Highly leveraged mortgages back at pre-crisis peak


What does the chart show?
It illustrates the growing proportion of UK mortgage lending at loan to value (LTV) ratios of 90 per cent or higher. Figures from the Bank of England last week found this type of lending had reached its highest level as a share of the total since the financial crisis, topping 18.7 per cent of all lending in the first three months of 2019.

The data appeared in a July report published by the BoE’s Financial Policy Committee, which monitors potential risks to the financial system. It is based on product sales data from the Financial Conduct Authority and the central bank’s own calculations. 

What’s behind this growth trend? 
Competition in the mortgage market has been steadily heating up, with lenders battling for business by offering low interest rates on fixed-rate mortgages, sweetening deals with fee discounts or waivers. 
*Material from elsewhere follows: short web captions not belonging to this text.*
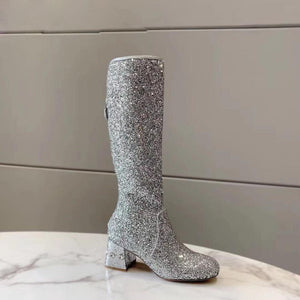 Women's Chic Paris Design Knee-high Glitter Boots – Fine Quality Accessories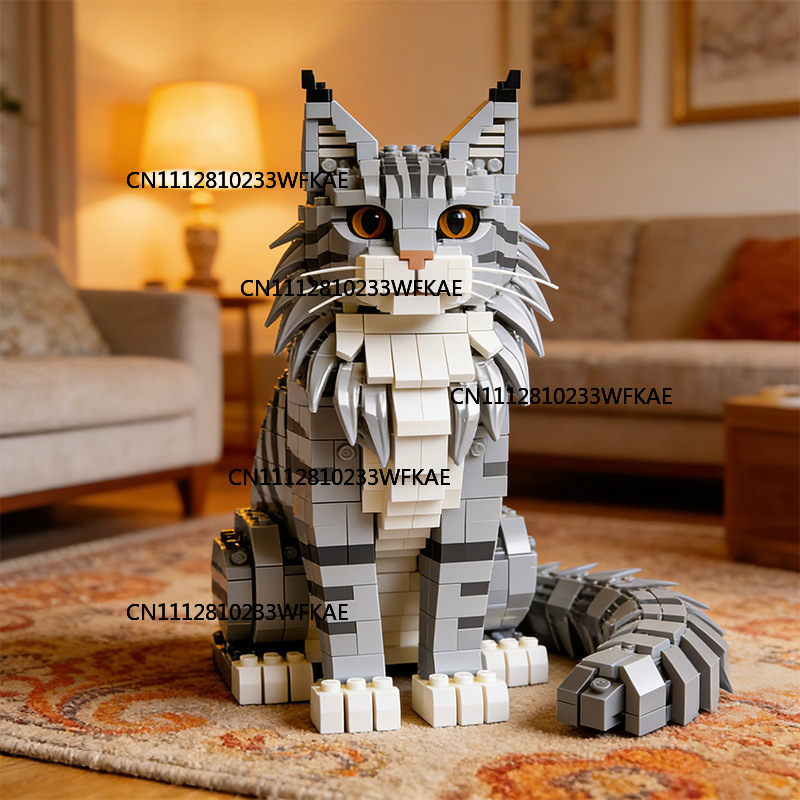 동물 모양 조립 블록 메인쿤 고양이 모델 아트 장식품  - Resin Art Gift 리뷰 및 가격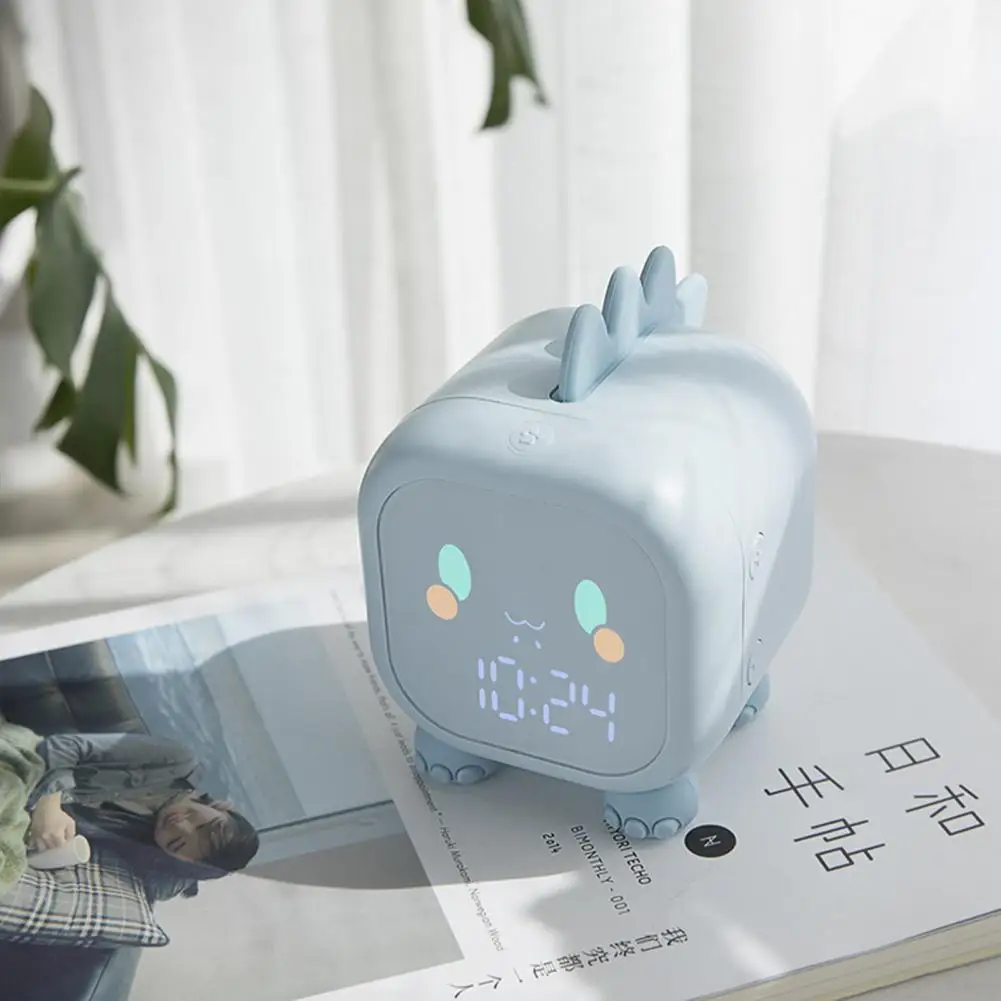 Hot Selling Cute Design Dinosaur Mini Children Cartoon Alarm Clock Wake Up Light Sleep Trainer With Abs Material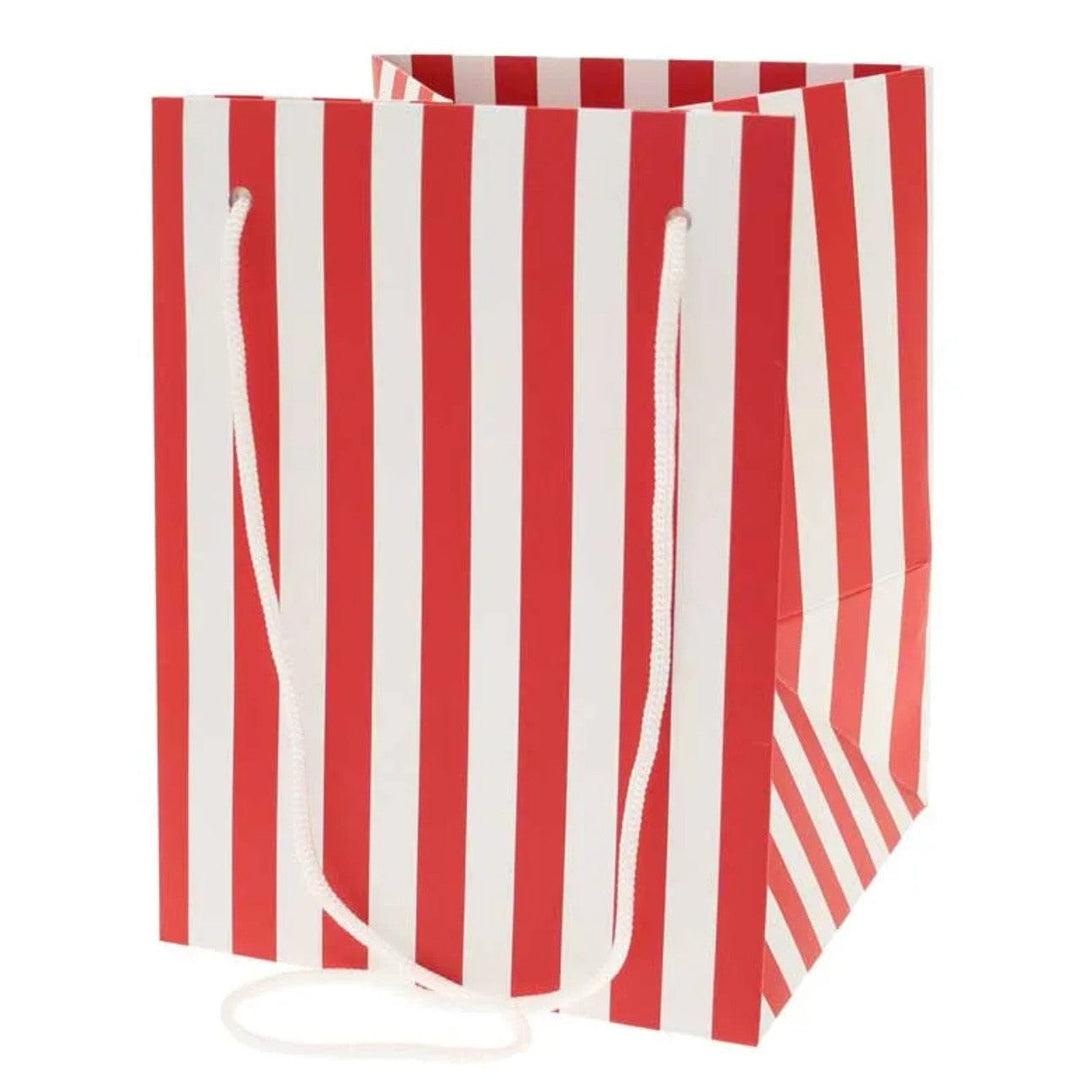Red Candy Stripe Hand Tie Bag x 1 Party Bags Red Candy Stripe Hand Tie Bag x 1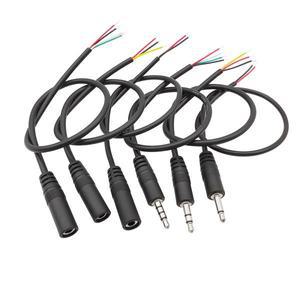 3.5mm 1/8 ''모노/스테레오 수 플러그 암 잭 커넥터 2/3/4 극 핀 AUX 연장 와이어 DIY 오디오 헤드폰 케이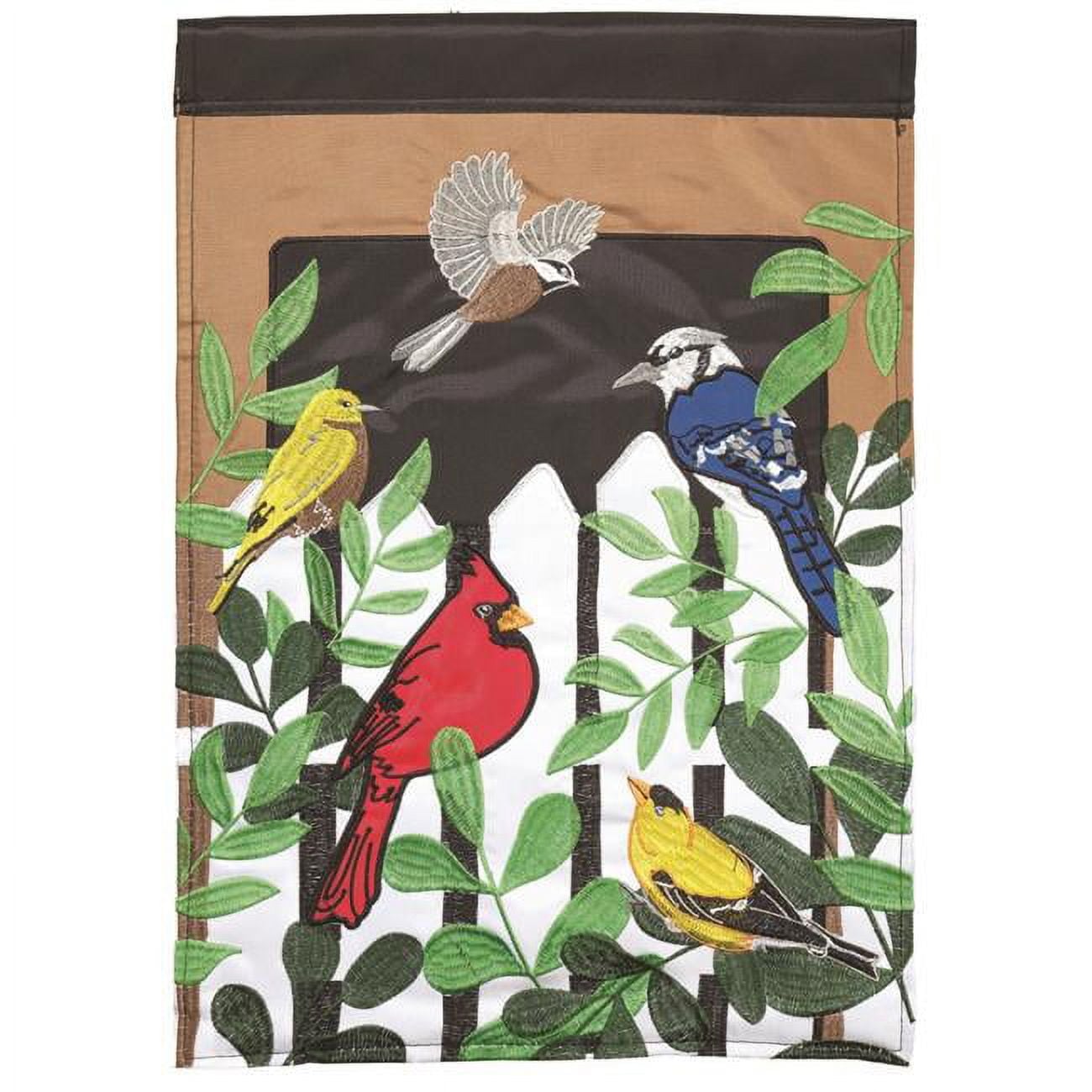 13 x 18 in. Birds On Fence Polyester Garden Flag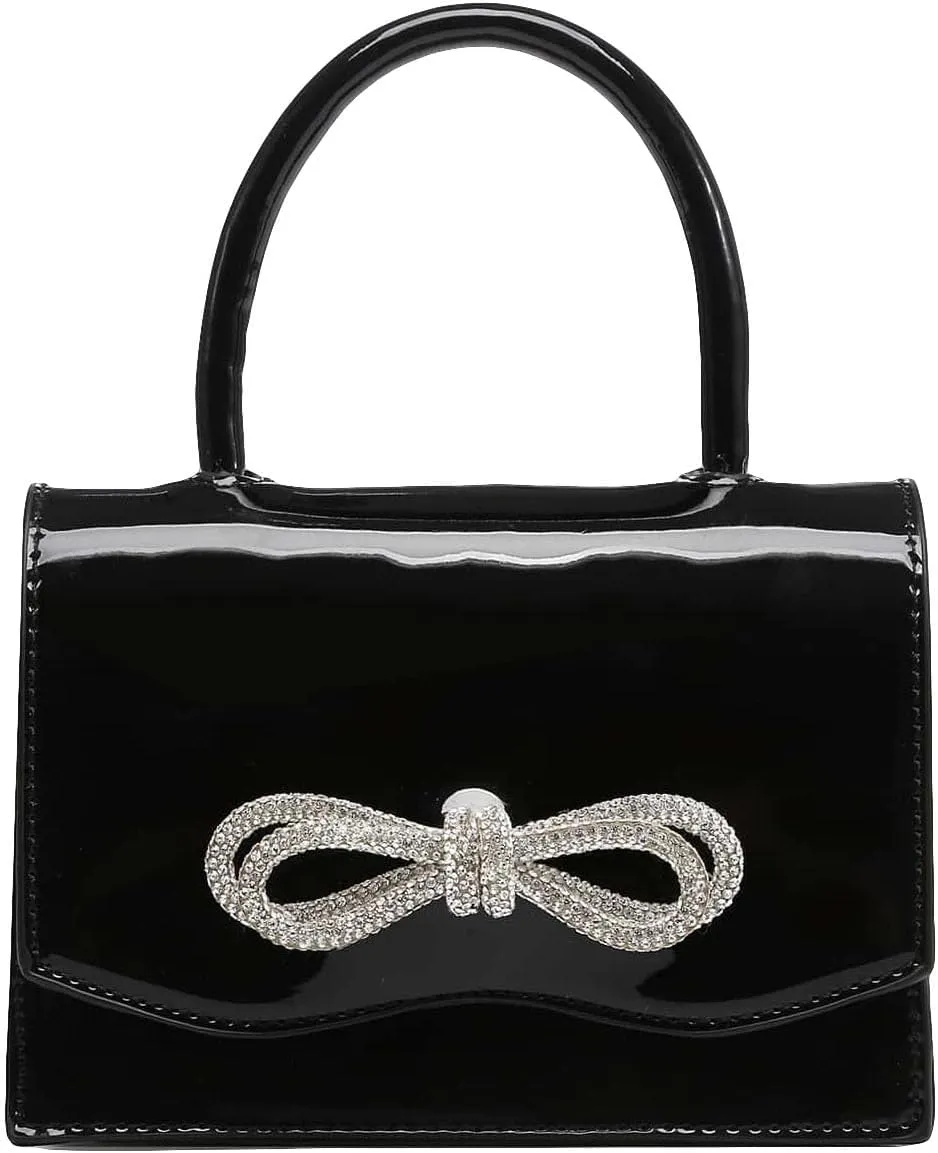 QWINEE Women's Glitter Rhinestone Bow Decor Clutch Purse Prom Bags Sparkle Mini Square Handbags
First-time buyers are particularly active in the market and their mortgages are often at the higher end of the LTV spectrum. Lenders traditionally demanded bigger compensation on these mortgages by charging higher interest rates. In the past five years, though, the average rate on a two-year fixed rate mortgage for a 95 per cent LTV loan has dropped from 5.35 per cent to 3.25 per cent. Similarly, rates on five-year fixes have fallen from 5.58 per cent to 3.64 per cent over the same period, according to figures from finance website Moneyfacts. 

The number of fixed-rate deals on offer to those with a deposit of just 5 per cent has risen from 149 in July 2014 to 336 this month, Moneyfacts said, another illustration of the intensifying battle for customers. 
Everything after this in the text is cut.